Character & Episode: Manservant in My Late, Lamented Friend and Partner

An occasional minor actor of Greek descent with only just over a dozen credit appearances in British film and television, his main contributions being to The Avengers, and ITC series Man in a Suitcase, Department S and Strange Report. Later, he entered journalism, becoming a senior journalist in Athens. He has edited a number of English language newspapers in Greece and has reported freelance for several titles elsewhere including the BBC. He founded the The Rainbow Theatre in Athens, for which he has written, produced and directed plays in Greek and English.

Terence Plummer

Character & Episode: Pete in Whoever Heard of a Ghost Dying?
Born: 1936
Died: 2011

Terence was primarily a stuntman. He was used though mainly as a heavy in a number of films and television series throughout his career. As an actor he has over forty credits and has appeared in such films as The Heroes of Telemark (1965), The Man with the Golden Gun (1974), Willow (1988) and Batman (1989). On television he appeared in such series as The Avengers and Blake's 7. His last appearance was in the feature film Sexy Beast in 2000.

Paddy Ryan

Character & Episode: Larry in Whoever Heard of a Ghost Dying?
Born: 1904 (as Frank Ryan McCree Singletary)
Died: 1990

Paddy was an actor who occasionally performed stunts. Often in minor roles, he made his debut in 1949 in the film Diamond City. Despite a forty-year career Paddy would still only notch up just over thirty film and television credits to his name. Most of his career was limited to television and he had minor roles in such series as The Saint, Adam Adamant Lives!, The Avengers, The Persuaders! and Steptoe and Son. His last television credit was in 1988 in the comedy series Screenplay.

Mike Stevens

Character & Episode: Police Sergeant in Whoever Heard of a Ghost Dying?

A minor actor often playing extras, Mike appeared in four films of the Carry On series, all of which went uncredited – he was a man with a dog in Carry On Henry (1971) and a year later was one of the monks in Carry On Abroad. His last Carry On appearance came in 1974 when he played a policeman in Carry On Dick.

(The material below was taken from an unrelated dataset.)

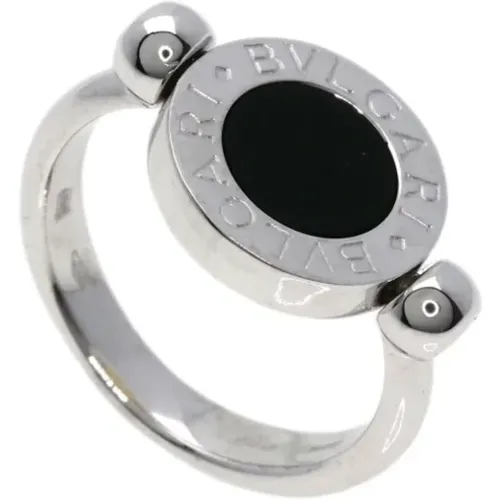 Pre-owned White Gold rings , female, Sizes: ONE SIZE - Bvlgari Vintage - Modalova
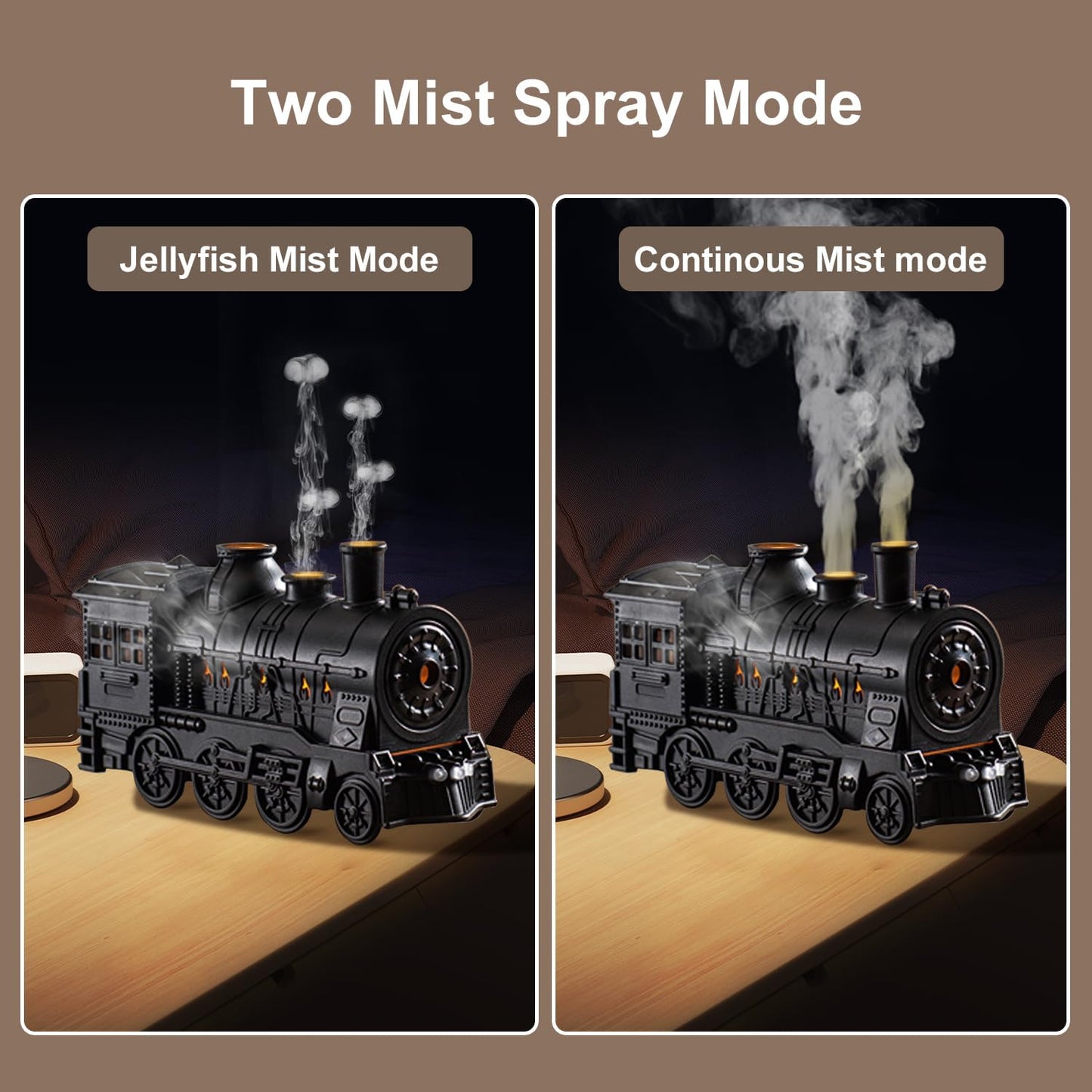 🎁 Perfect Gift Picks ✨Nostalgic Train Shape Fragrance Humidifier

Mike also appeared in sixteen episodes of Space: 1999, being listed simply as Mission Operator.

Mickey Varey

Character & Episode: 2nd Man on Stairs in A Sentimental Journey

Mickey was a minor supporting actor who often went uncredited in a number of roles, mainly in the Sixties. In the late Sixties he had uncredited roles in Quatermass and the Pit (Hammer Films, 1967) and Inspector Clouseau (1968). His last known appearance was as an inmate in the John Huston film MacKintosh Man in 1973 – the film also featured Paul Newman and James Mason.

Bill Westley, Sr.

Character & Episode: Police Driver in A Sentimental Journey

A very minor actor whose role as the police driver in A Sentimental Journey represents his only listed screen credit. He did however appear in at least two episodes of The Saint.

Philip Weston

Character & Episode: Constable Johnson in Whoever Heard of a Ghost Dying?

Nothing is known about Philip other than that he is credited with three television appearances, the others being Doctor in Charge (Which Doctor?, 1972)and Get Some In! (Field Exercise, 1976) which featured Tony Selby and Robert Lindsay. He undoubtedly appeared as an extra in other productions, but these have yet to be identified.

Fred Wood

Character & Episode: Second Man at Séance in The Trouble with Women
Born: 26/10/1922, Rotherhithe, London, England

A minor supporting actor who started his career just after the war and notched up well over one hundred film and television appearances, mainly as a walk-on extra. His film credits include Star Wars, From Russia With Love and Oliver! On television, he made cameos in Danger Man, The Professionals, The Champions, The Baron and Gone to Seed. Fred has worked at many of England's film studios such as Bray, Denham, Pinewood, Elstree and Ealing and with several legendary directors including Alfred Hitchcock, Stanley Kubrick and George Lucas.